Description
Delight in these Peach Crumble Muffins featuring juicy, tender peach pieces folded into a moist batter and topped with a crunchy pecan crumble. Perfectly balanced with cinnamon and vanilla, these muffins offer a comforting, sweet treat ideal for breakfast or an afternoon snack.
Ingredients
Scale
Muffin Batter
- 1 1/4 cups peaches, ripe but firm, skin on, cut into small 1.25cm / 1/2″ pieces
- 100 g (7 tbsp) unsalted butter, melted, cooled
- 2/3 cup caster sugar / superfine sugar (granulated/regular white sugar ok too)
- 1/2 cup plain unsweetened yogurt, at room temperature
- 1 large egg, at room temperature (~55g/2oz shell-on weight)
- 1 tsp vanilla extract
- 1 1/2 cups plain flour / all-purpose flour
- 1 tsp baking soda (bi-carbonate soda)
- 1/2 tsp cinnamon powder
- 1/8 tsp cooking salt / kosher salt
Crumble Topping
- 3/4 cup extra chopped peaches (for topping)

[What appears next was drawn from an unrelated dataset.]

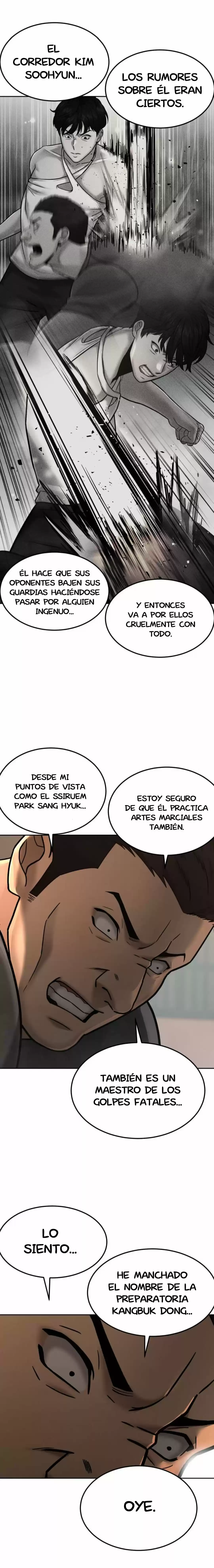Quest Supremacy capítulo 15, página 32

- 1/3 cup plain flour / all-purpose flour
- 1/3 cup (tightly packed) brown sugar
- 1/2 cup pecans (substitute rolled oats for nut-free)
- 1/2 tsp cinnamon powder
- 1/8 tsp cooking salt / kosher salt
- 30g (2 tbsp) unsalted butter, melted
Instructions
- Preheat Oven and Toast Pecans: Preheat your oven to 180°C / 350°F (160°C fan-forced). Spread the pecans on a tray and toast them in the oven for 5 minutes. Once toasted, remove from oven, allow them to cool slightly, then finely chop the pecans.
- Increase Oven Temperature and Prepare Muffin Tin: Raise the oven temperature to 200°C / 390°F (180°C fan-forced). Line a 12-hole standard muffin tin with paper liners to prepare for baking.
- Prepare Crumble Topping: In a small bowl, combine flour, brown sugar, salt, and finely chopped pecans. Mix these dry ingredients with a fork, then add the melted butter. Stir until the mixture resembles wet sand. Set aside.
- Mix Muffin Batter – Dry Ingredients: In a large bowl, whisk together the plain flour, baking soda, cinnamon powder, and salt until well combined.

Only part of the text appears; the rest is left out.